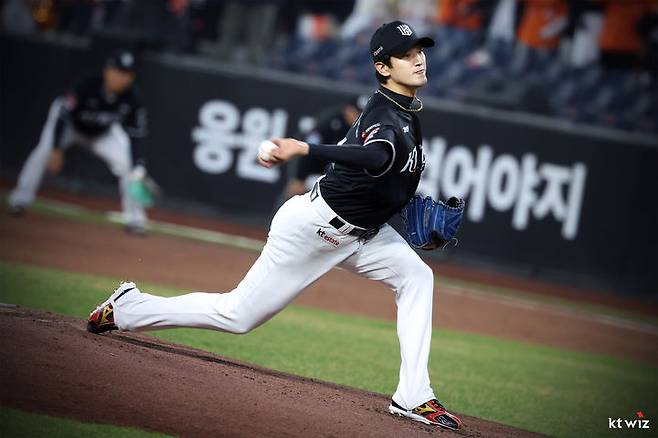 [서울=뉴시스] 프로야구 KT 위즈 고영표가 1일 수원KT위즈파크에서 열린 2026 신한 쏠 KBO리그 한화 이글스전에 선발 등판해 공을 던지고 있다. (사진=KT 위즈 제공) 2026.04.01. *재판매 및 DB 금지
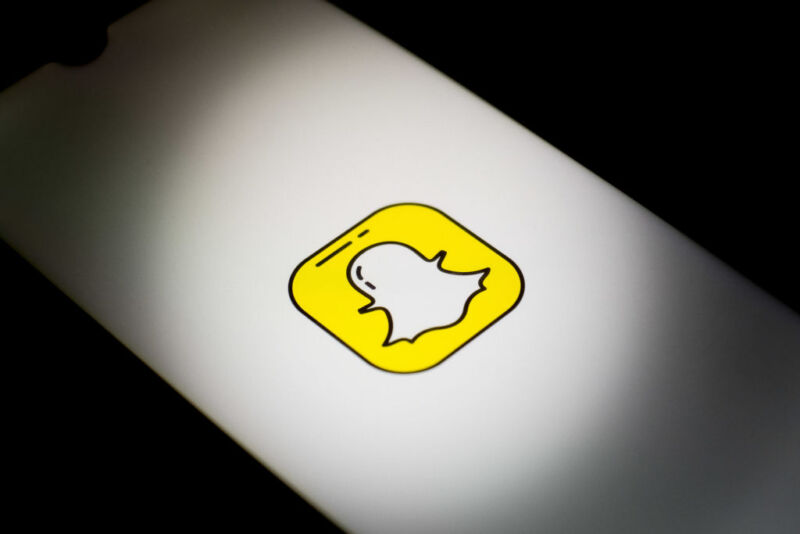 Facebook secretly spied on Snapchat usage to confuse advertisers, court docs say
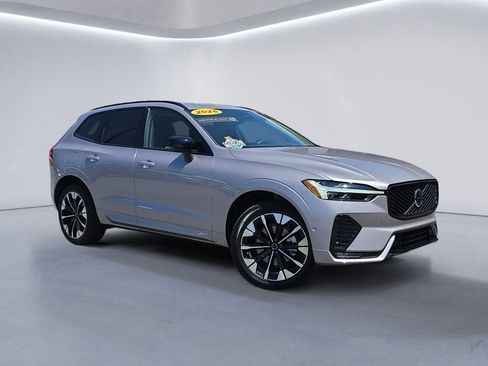 Used 2026 Volvo XC60 B5 Plus w/ Protection Package Premier AWD/4WD image 2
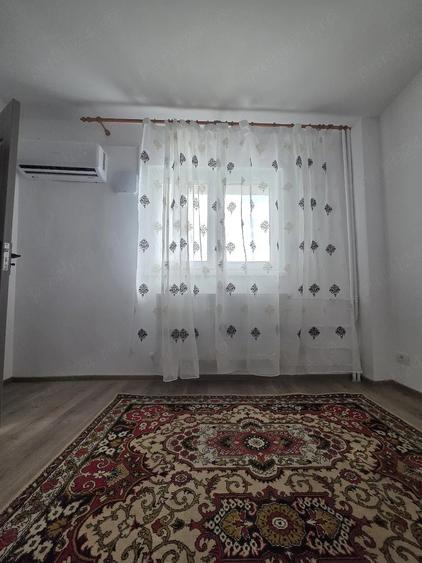 Apartament cu 2 camere decomandat în Berceni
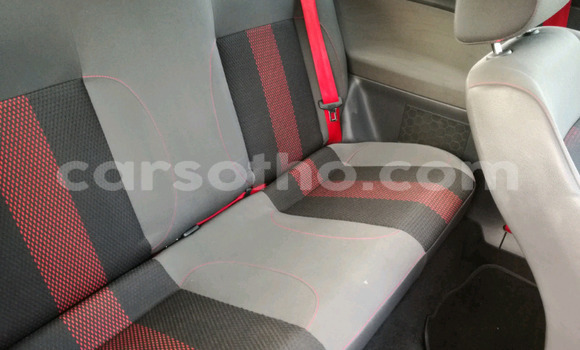 Acheter Occasion Voiture Volkswagen Polo Rouge à Maseru, Maseru Acheter Occasion Voiture Volkswagen Polo Rouge à Maseru, Maseru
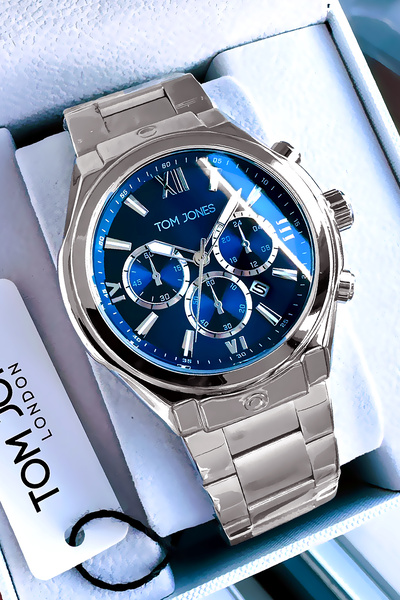 Tom Jones ساعة يد رجالية 3 أتم مقاومة للماء لون فضي سوار فولاذي Agr1305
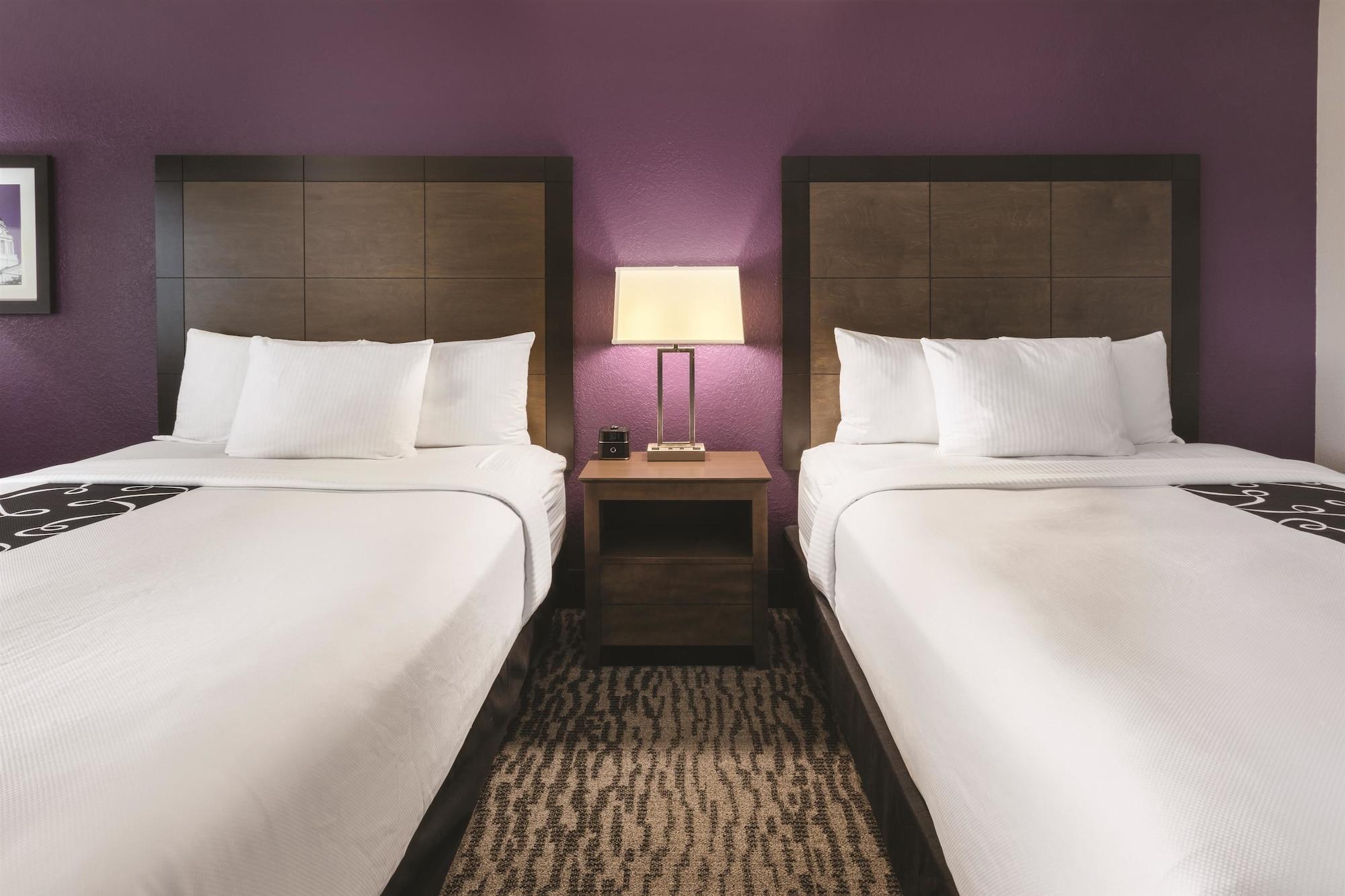 La Quinta Inn And Suites By Wyndham Elkhart Extérieur photo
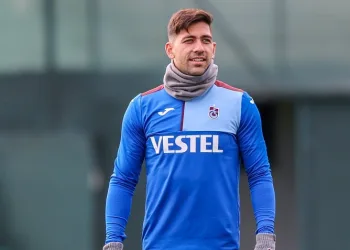 Panathinaikos, Bakasetas için düğmeye bastı
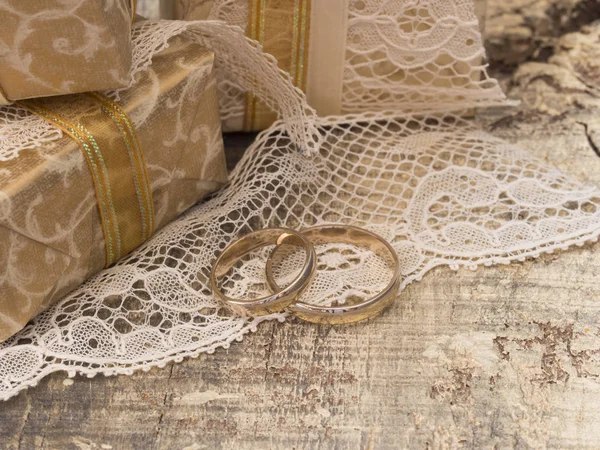美しい装飾が付いて金の結婚指輪 — ストック写真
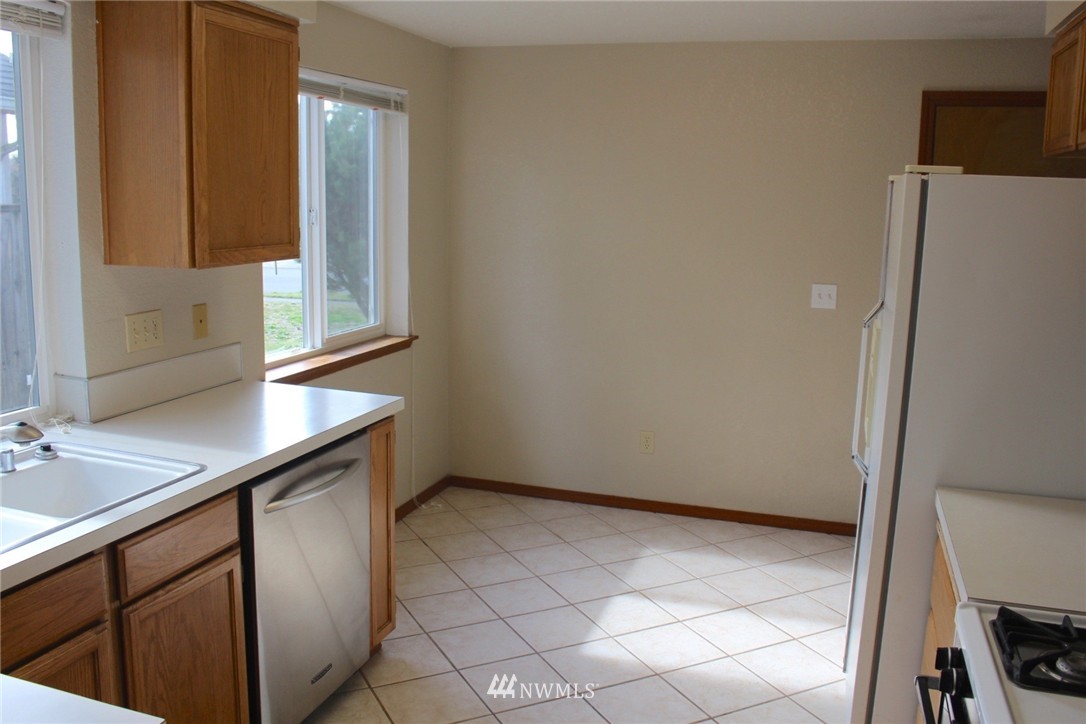 5906 Danials Loop Southeast Lacey, WA 98513 - Photo 9 of 19 Gallery Image 9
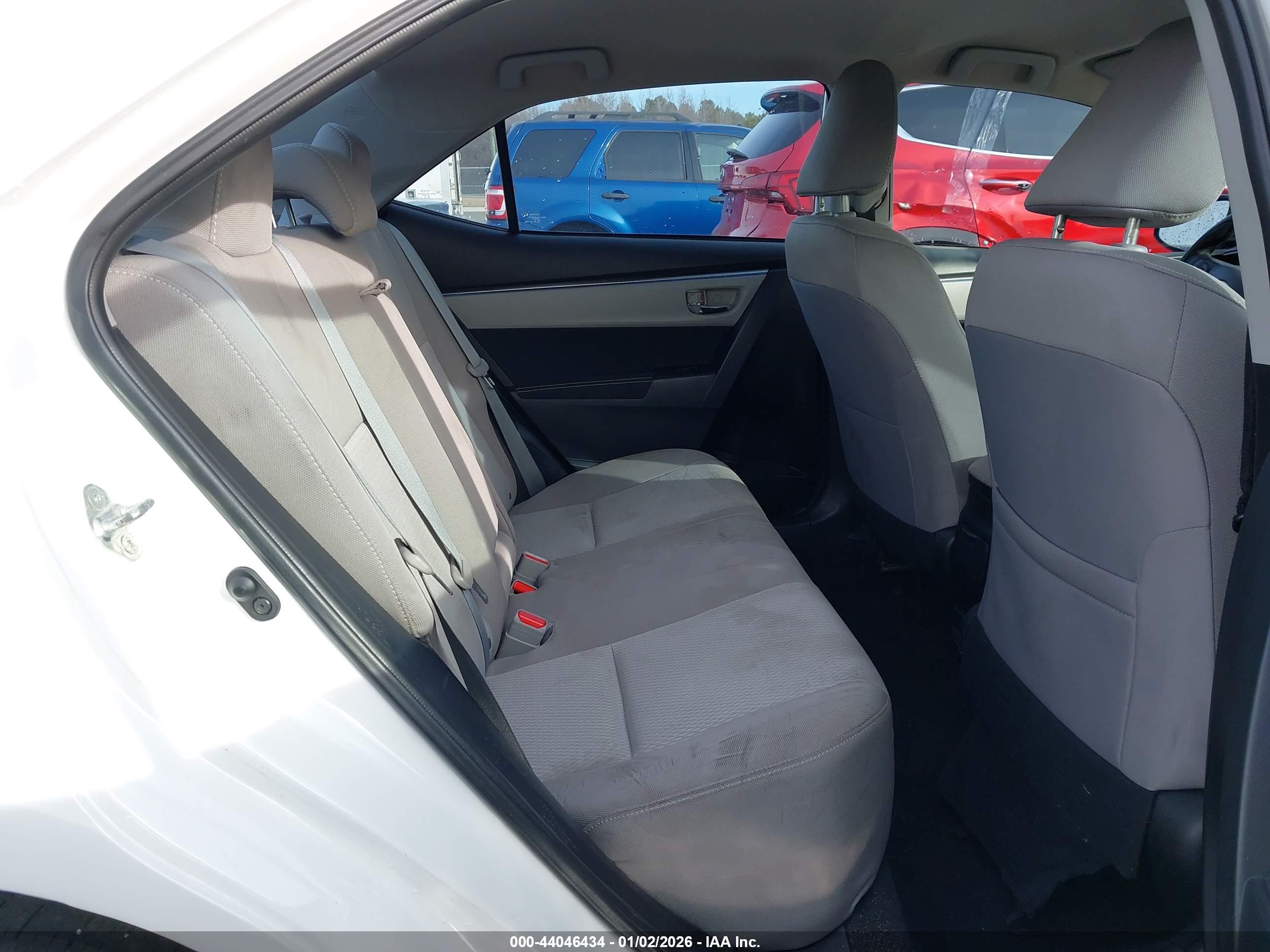 TOYOTA COROLLA image 8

DESCRIPTION OF THE TASK>
The copy must start at the line containing "Maseru, Maseru Acheter" and stop at the last line of the listing, both included, with every line exact and no pictures.

RESPONSE>
 Acheter Occasion Voiture Volkswagen Polo Rouge à Maseru, Maseru Acheter Occasion Voiture Volkswagen Polo Rouge à Maseru, Maseru
 Tom Jones ساعة يد رجالية 3 أتم مقاومة للماء لون فضي سوار فولاذي Agr1305
 La Quinta Inn And Suites By Wyndham Elkhart Extérieur photo
 Panathinaikos, Bakasetas için düğmeye bastı
美しい装飾が付いて金の結婚指輪 — ストック写真
 5906 Danials Loop Southeast Lacey, WA 98513 - Photo 9 of 19 Gallery Image 9
 TOYOTA COROLLA image 8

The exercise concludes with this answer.